Hari itu adalah hari Lia berangkat ke sekolah. Anak-anak yang bersekolah akan dijemput dan diantar pulang menggunakan kendaraan milik TNI, truk TNI. Bersama teman-temannya yang lain, Lia berangkat ke sekolah seperti biasa, biasa dalam konteks kondisi rusuh. Kegiatan pembelajaran berlangsung dari pagi hari hingga siang hari. Setelah merapikan bawaannya, Lia menuju ke gerbang sekolah dimana truk yang akan membawanya pulang ke rumah. Di tengah perjalanan, ia merasa ingin buang air kecil. Lia pun berbalik arah dan segera menuju kamar mandi yang terletak cukup jauh di belakang sekolah. Setelah menyelesaikan urusannya, Lia kembali ke tempat parkir namun ia tidak menemukan truk dan juga teman-temannya, Lia tertinggal.

Perasaan takut menghampiri anak kelas 2 SD itu. Dia celingukan di depan pagar sekolah berharap ada seseorang yang mengenalinya. Sebenarnya jarak antara rumah dengan sekolahnya tidak terlalu jauh, hanya saja Lia harus melewati perbatasan wilayah yang rawan terjadi konflik. Dia semakin takut ketika ada orang berlalu-lalang dengan membawa senjata tajam. Dia ingin menangis dan ingin segera pulang dan bertemu dengan keluarganya di rumah. Cukup lama dia berdiri di depan pagar sekolah hingga ada seorang teman laki-lakinya berlari dari halaman sekolah.

“Ayo pulang” ajak temannya sembari menggandeng tangannya.

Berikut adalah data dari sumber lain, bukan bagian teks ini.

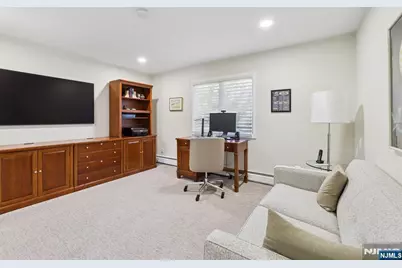 102 Aspen Court T002 #T002, Norwood, NJ 07648 - Photo 22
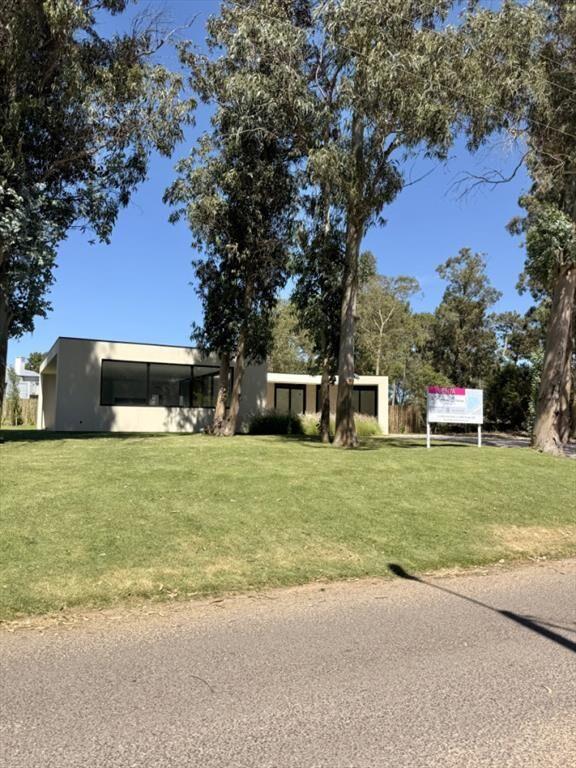 CASA EN VENTA ZONA LUGANO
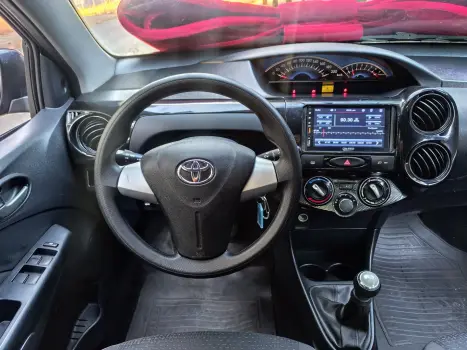 TOYOTA Etios Hatch 1.3 16V 4P FLEX X, Foto 12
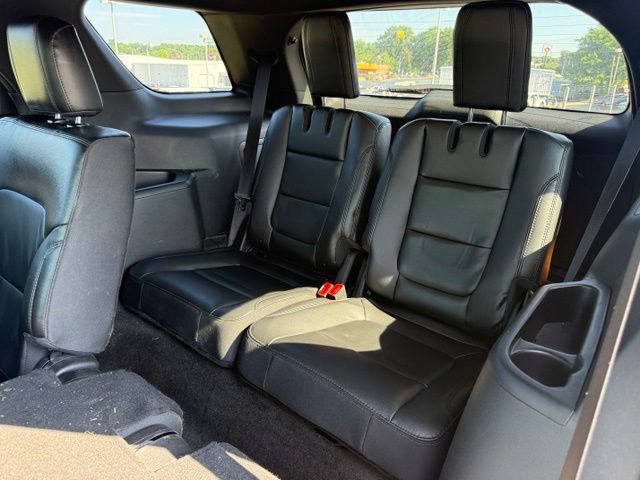 Certified 2018 Ford Explorer XLT w/ Equipment Group 202A FWD image 17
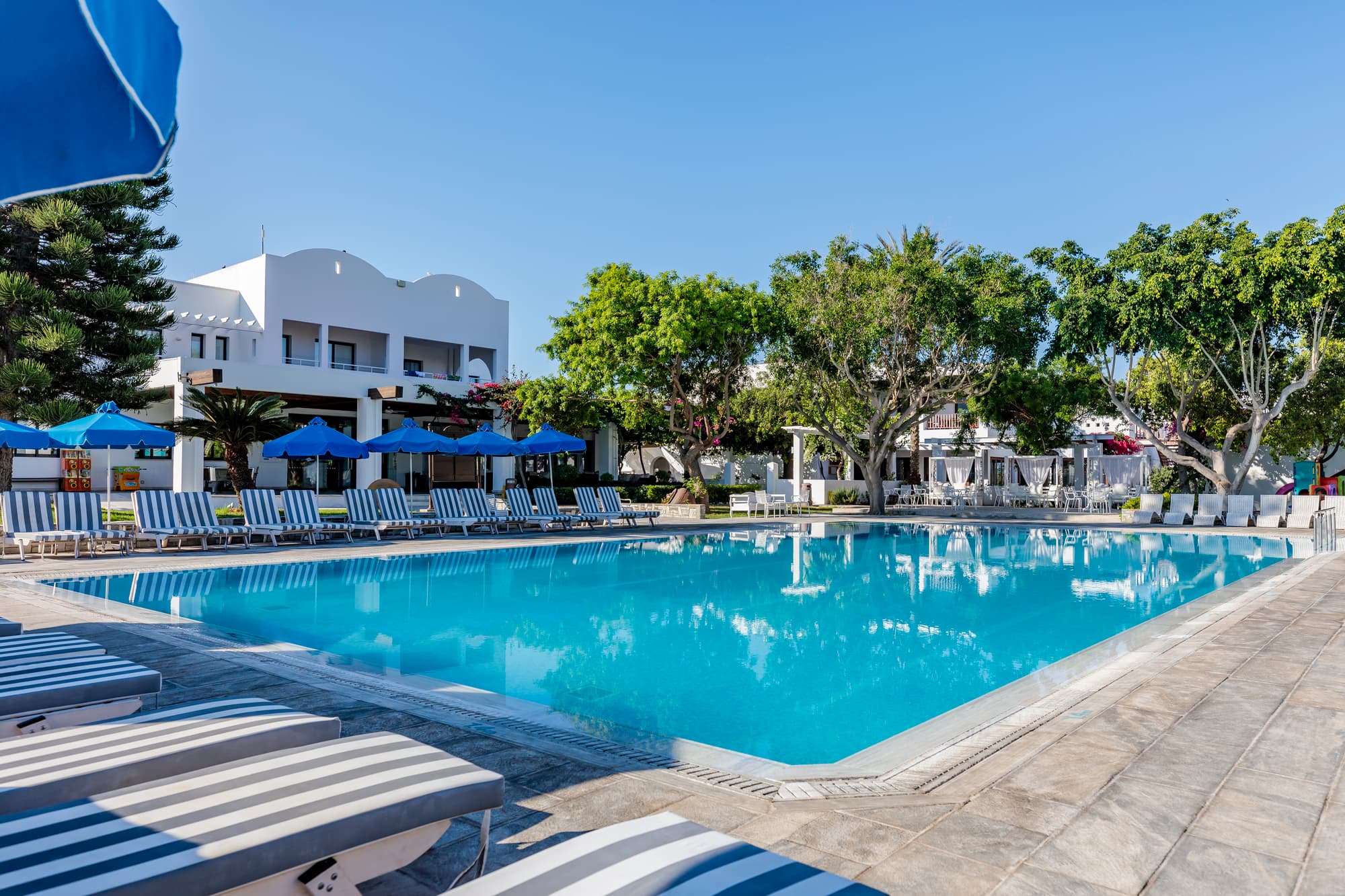 Aliathon Resort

Mereka berdua menyusuri jalan menuju rumah mereka yang tidak berjauhan. Mereka berjalan dengan hati-hati, sesekali berlari kecil. Terlihat pemuda dan bapak-bapak yang bergerombol melihat dua anak SD ini dari kejauhan. Di setiap ujung perbatasan memang biasanya berkumpul “pasukan” yang berjaga-jaga untuk mengamankan wilayahnya. Mereka membawa parang, tombak, dan juga panah sebagai alat tempur melawan musuh. Konon, di antara pasukan-pasukan itu, ada juga yang membawa senjata api rakitan bahkan sniper untuk membunuh lawan dari kejauhan. Lia dan temannya dibiarkan lewat begitu saja oleh gerombolan itu.

“Kita masuk ke lorong itu aja, sedikit lagi” ucap teman Lia sambil menunjuk sebuah gang yang merupakan jalan pintas untuk sampai ke rumah mereka.

Lia hanya mengangguk sedikit dan tidak mengatakan apa apa. Dari gerbang sekolah, ia hanya berjalan dengan memandang ke bawah, ke arah kaki temannya berpijak. Dia terlalu takut untuk melihat sekitarnya dan terus menggenggam tangan temannya. Masuklah mereka ke dalam gang yang mereka tuju. Mereka langsung berlari melewati gang sepi itu untuk segera sampai di rumah masing-masing. Sesampai di depan rumahnya, Lia langsung berlari masuk ke dalam rumah dan bertemu keluarganya dengan menangis ketakutan. Lia tidak sempat untuk berterima kasih untuk temannya yang sudah mengantarkan pulang dengan selamat. Perjalanan pulang waktu itu terekam sangat kuat dalam ingatan Lia hingga sekarang. Pada malam harinya, Lia mengatakan kepada ayahnya bahwa dia ingin pindah ke Jawa.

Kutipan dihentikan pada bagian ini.